You see, I spent 3 of my 6 years here with a Muslim roommate, something you would have never seen in a local university hostel. Trust me, my elder siblings, they were ‘placed at random’ and they all ended up with Indian roommates in their local public universities. When my roomamate and I split ways, it was due to personal issues, nothing religious. She prayed 5 times a day, and read from the Quran each night, and I sang my Hindu devotional songs and occasionally even lit incense sticks during major celebrations. She didn’t mind me eating pork, nor did I mind her eating beef. She comes from a traditional Malay family, and I from a traditional Tamil one.  We’re still close friends, classmates, and occasional shopping buddies despite having had our differences.

When the MQA decided to get international recognition, and PSD decided to review its scholarship awarding, though I may not benefit from either…  in the first case because I stand a risk of being careerless, and in the second because having completed my university education, I no longer stand a chance of gaining a JPA scholarship… I began to hope. The MQA review, suspension of civil servant hiring for 3 months seems to hold promise of a fairer system based on merit rather than racial quota. I am not saying please impoverish one race, I am saying choose people who are eligible for the job, those with necessary skill and the motivation to improve themselves. Since our Public Health is in such a state, a qualification exam would be disastrous to the 3000 odd Russian and Ukrainian Medical graduates, yes, but if it means it’s for a less biased, more efficient medical workforce, then why the heck not. Here’s to hoping there isn’t a quota on that as well though.. coz if there is, a lot of us would be royally f**ked. And on the PSD scholarship, awarding overseas scholarships should be based on merit. Admittedly it should have been discussed within the Cabinet to prevent rumours of a divided BN, but I think it was a gutsy move, transparent, and it got almost immediate results. As opposed to our annual dilemma about top scorers not being awarded government scholarships to pursue their field of interest, maybe this will give us a real solution to the problem instead of a temporary settlement when it makes headlines about how the top scorer who was missed by the system finally got a scholarship to Ireland to pursue Actuarial Science.
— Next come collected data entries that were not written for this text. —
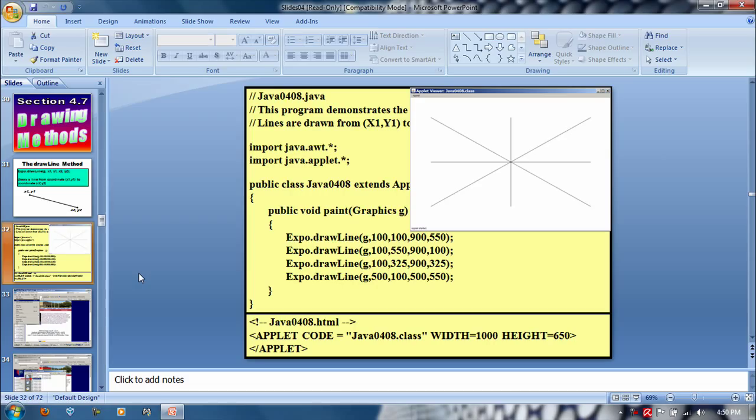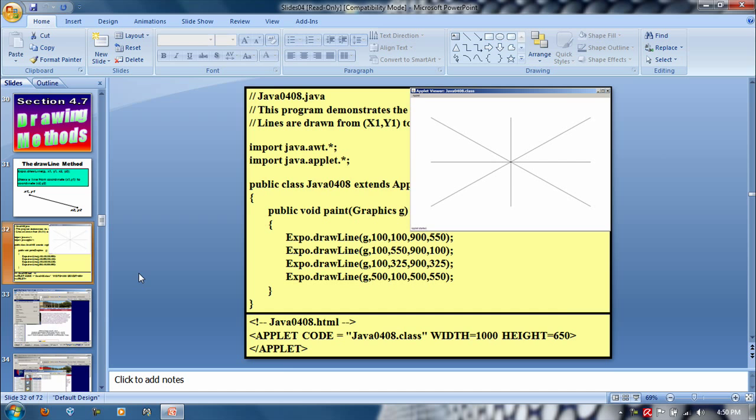Alright, so right here he's showing how to run applets, and you would have to run it either in an IDE or in your web browser.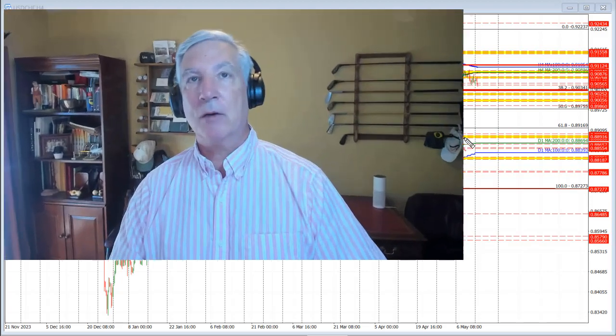So that's my quick look at the dollar versus Swiss to start the trading week. My name is Greg Michalowski. Good fortune with your trading. Bye bye now.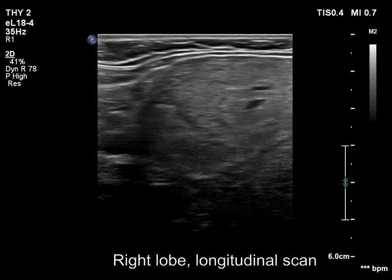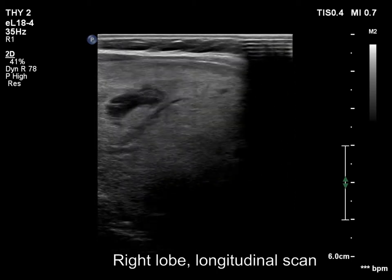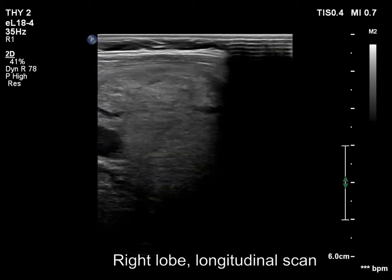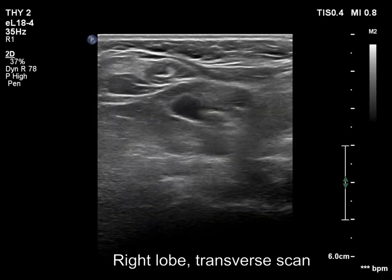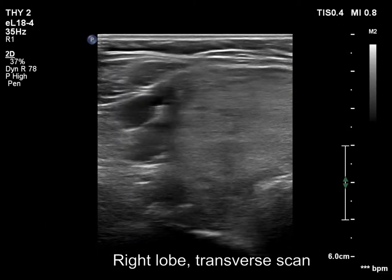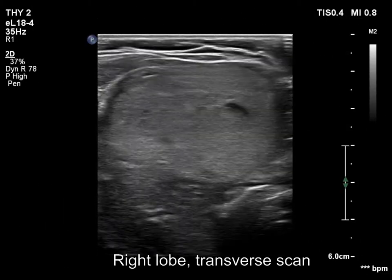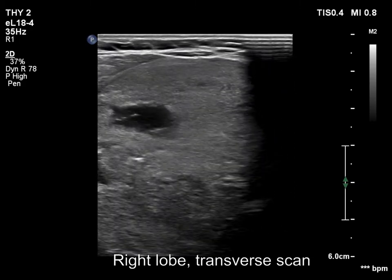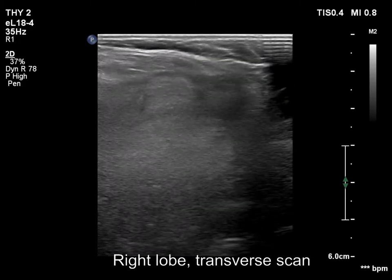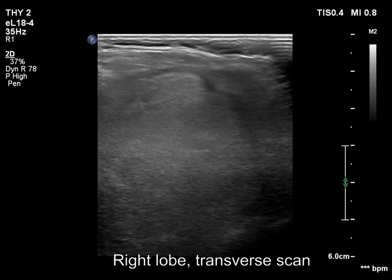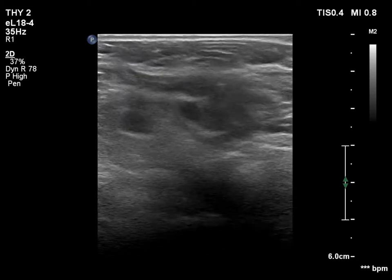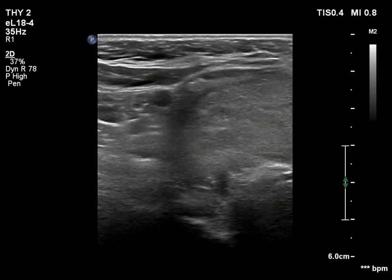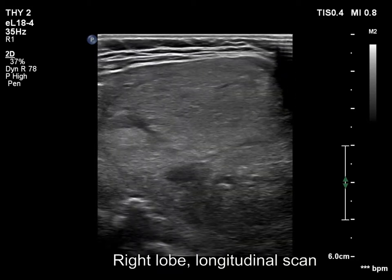The best resolution is not the appropriate setting in such a large goiter. Now, the right lobe with better penetration. With this setting, a significantly greater part of the lobe is visible.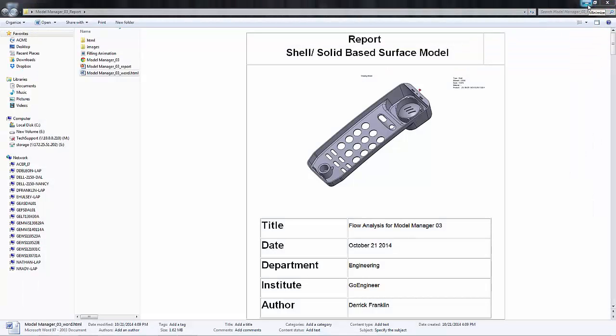So there you have it, a quick way to be able to generate reports to share information about our analyses in SOLIDWORKS Plastics. Thank you for watching and have a great day.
So yes am disillusioned, but I still carry a spark of hope that someday, Malaysians will tell race politics to go get a real job, and we might live together as a real community. Where people would rather come home and not choose to hold jobs overseas as opposed to a true career at home because they have given up with racial stereotypes and lack fair opportunities to be all they can be.
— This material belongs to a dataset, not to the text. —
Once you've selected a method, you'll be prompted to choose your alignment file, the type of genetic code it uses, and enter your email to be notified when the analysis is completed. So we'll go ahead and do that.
Someday perhaps... someday…

That is why am going home. Because I still have hope for Malaysia…

Sunday, May 22, 2011

Wednesday, May 18, 2011

Pride and Vanity

I want you to know…
There are times you leave me in a quandry
Times when I realize you need more than me
And at those times I cannot explain the unease
The wire-bound tightness in my chest;
The tears of dull-toned hurt that fail to flow;
And the choking breaths that barely escape…
The beating mass in the centre of me,
That pump made of muscle so strong
Is in truth just weak…
The persistent flutters as it yearns too much
To be all that you want, the one thing you need?
That my friend is just pride and vanity

Tuesday, May 17, 2011

Wesak

Happy Wesak to all who celebrate :) missing the orange robes, sanskrit chants and rotating water fans in the brickfields buddhist mahavira..

Sunday, May 15, 2011

The Kitchen Business

*WARNING: Do not read if you are vegetarian, or have a particularly sensitive stomach :)
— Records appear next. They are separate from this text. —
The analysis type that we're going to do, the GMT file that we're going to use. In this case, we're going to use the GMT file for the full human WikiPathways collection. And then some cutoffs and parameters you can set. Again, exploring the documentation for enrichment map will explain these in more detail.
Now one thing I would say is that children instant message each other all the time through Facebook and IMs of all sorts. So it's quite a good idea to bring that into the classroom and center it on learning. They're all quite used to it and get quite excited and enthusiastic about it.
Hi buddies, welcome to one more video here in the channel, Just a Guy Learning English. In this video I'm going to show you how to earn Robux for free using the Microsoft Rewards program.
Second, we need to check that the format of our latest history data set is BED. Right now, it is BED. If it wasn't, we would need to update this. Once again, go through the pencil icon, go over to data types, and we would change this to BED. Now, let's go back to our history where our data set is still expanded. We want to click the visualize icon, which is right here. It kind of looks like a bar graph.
Y was smiling, telling me about how she planned to cook the chicken, what she had put into the marinade and it hit me that we were almost what we used to be – good friends.

We had met in Primary 1 – I think we were seated next to each other on the first day of class (I forget exactly…)

Then that day, almost two decades later, we stood in the same common kitchen; Y pushing the chicken aside and reaching for the basin with prawns in them, and I at the sink, gutting the awful fish that would be dinner.

“Yeah, I miss our markets, where the Aunty will de-scale, gut and cut up the fish into beautiful pieces,” I said over my shoulder at her, wincing inwardly at the slippery feel of the fish stomach lining that I was trying to remove.

“I know! And here, the marketing is a lot more expensive. It’s, what, more than double of the price we pay at home, plus the products aren’t exactly fresh, are they?” From the corner of my eye I saw her yanking off the head of an orange prawn which came off with a squishy sound, making us giggle.

I rinsed off the pieces of fish and took the twenty steps it takes me to get into my unit door where I unceremoniously stuffed the now clean and cut fish into my tiny refrigerator. 

“Where’s N?” Y asked me when I walked back into the kitchen.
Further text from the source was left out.